Even on OSU’s first possession, they had it fourth and one at the Nebraska 43 and went for it. Surely, a running play would pick up the yard, but, instead, Stroud threw a long pass over the middle that tight end Jeremy Ruckert couldn’t pull down. Maybe we’ve come to expect magic. A surprise call for a touchdown, but what we got was a demonstration of a lack of confidence in the run and turning over the ball on downs. Late in the fourth quarter, when the Bucks needed to run the clock and the running game was finally beginning to click, with Henderson gaining 10, then 22 yards on a couple of carries, the Bucks chose to pass on first down. Stroud gets sacked and fumbles. Lucky to recover.
And on defense? Husker quarterback Adrian Martinez started to run the ball, as he’s well capable of doing, in the second half – on designed runs and especially on scrambles. Where was the linebacker spy? Somebody needed to be assigned to the quarterback. Probably Steele Chambers, who has the speed for the job. But the linebackers all kept dropping into coverage. All in all, there were some questionable coaching calls.
On the other hand, the game produced a Buckeye win. And Nebraska is no slouch. OSU won by nine, while Michigan State and Michigan each beat the Huskers by only three, and Oklahoma beat them by only seven. In fact, this loss was Nebraska’s worst of their seven for the season. With Michigan State’s loss to Purdue, the Bucks are alone at the top of the Big Ten East and can still win out and make the playoffs. As for the Cornhuskers? At 3-7 and at the bottom of the West, Scott Frost should be sending his resume around.
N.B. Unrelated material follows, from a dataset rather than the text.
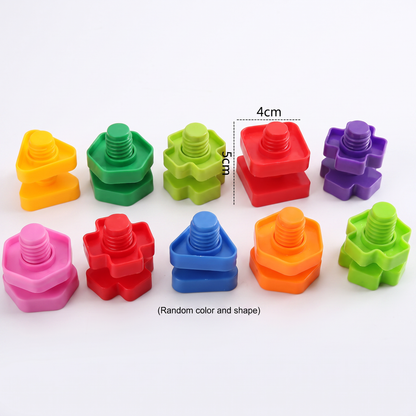 Build & Create Bolt Set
Just like last week? No, I think that the offense was actually worse. It’s not a good thing when your quarterback throws the ball 54 times, and Stroud did against the Cornhuskers. He completed two thirds of them (36) for 405 yards. A lot of passing yards – but only two touchdowns. Aside from Smith-Njigba’s long touchdown, there weren’t many big plays; rather, the passes were short, the Huskers, like Penn State, keeping receivers in front of them.
Henderson ran 21 times for 92 yards, a 4.4 average. Way below his season average, but, then again, maybe that’s simply where the OSU running game is these days. Miyan Williams and Master Teague carried the ball three times between them. Might it be better to do a little more rotating of backs? Give the opponents’ defense a different look? Maybe. But it’s the pass blocking, rather than Henderson’s running, that’s the real problem. All of those tackles up front do a good job of walling out pass rushers, but are they mobile enough to run-block a respectable defense?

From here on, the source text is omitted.